Exercise aim: Skipping all images, output the listing word for word.
%%
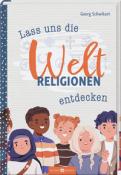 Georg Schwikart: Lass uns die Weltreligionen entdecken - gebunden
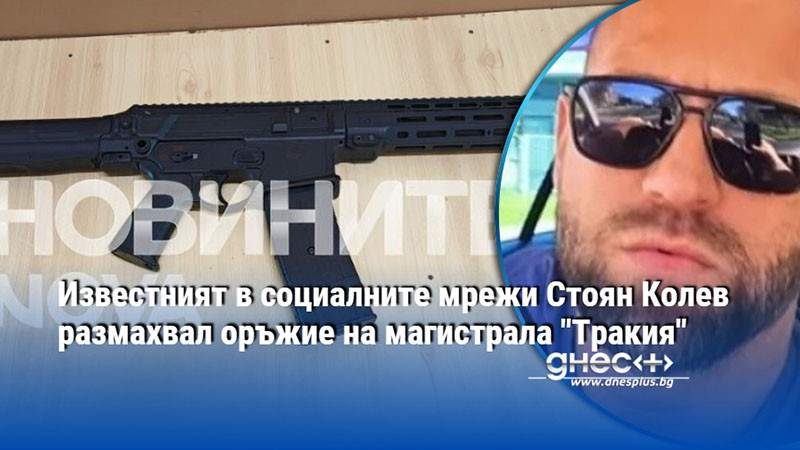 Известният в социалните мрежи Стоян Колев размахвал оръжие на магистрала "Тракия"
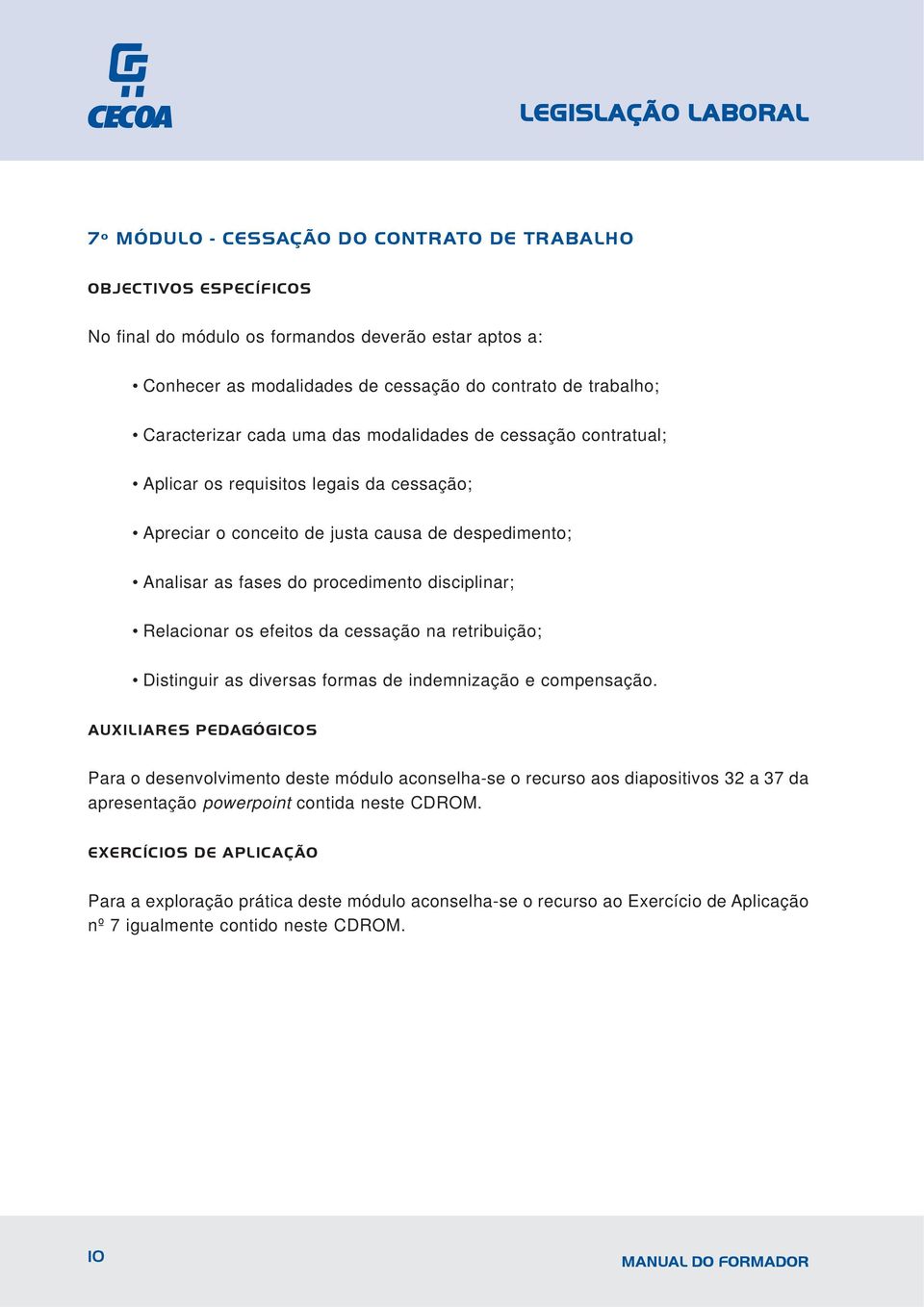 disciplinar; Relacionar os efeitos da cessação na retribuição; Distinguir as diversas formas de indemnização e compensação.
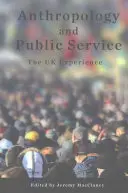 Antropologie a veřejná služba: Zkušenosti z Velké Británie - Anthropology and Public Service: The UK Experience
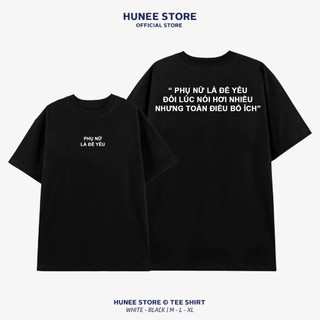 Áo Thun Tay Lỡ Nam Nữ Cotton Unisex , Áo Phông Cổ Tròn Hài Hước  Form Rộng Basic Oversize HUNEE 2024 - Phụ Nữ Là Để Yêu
%%
The answer:
 Georg Schwikart: Lass uns die Weltreligionen entdecken - gebunden
 Известният в социалните мрежи Стоян Колев размахвал оръжие на магистрала "Тракия"
 disciplinar; Relacionar os efeitos da cessação na retribuição; Distinguir as diversas formas de indemnização e compensação.
 Antropologie a veřejná služba: Zkušenosti z Velké Británie - Anthropology and Public Service: The UK Experience
 Áo Thun Tay Lỡ Nam Nữ Cotton Unisex , Áo Phông Cổ Tròn Hài Hước  Form Rộng Basic Oversize HUNEE 2024 - Phụ Nữ Là Để Yêu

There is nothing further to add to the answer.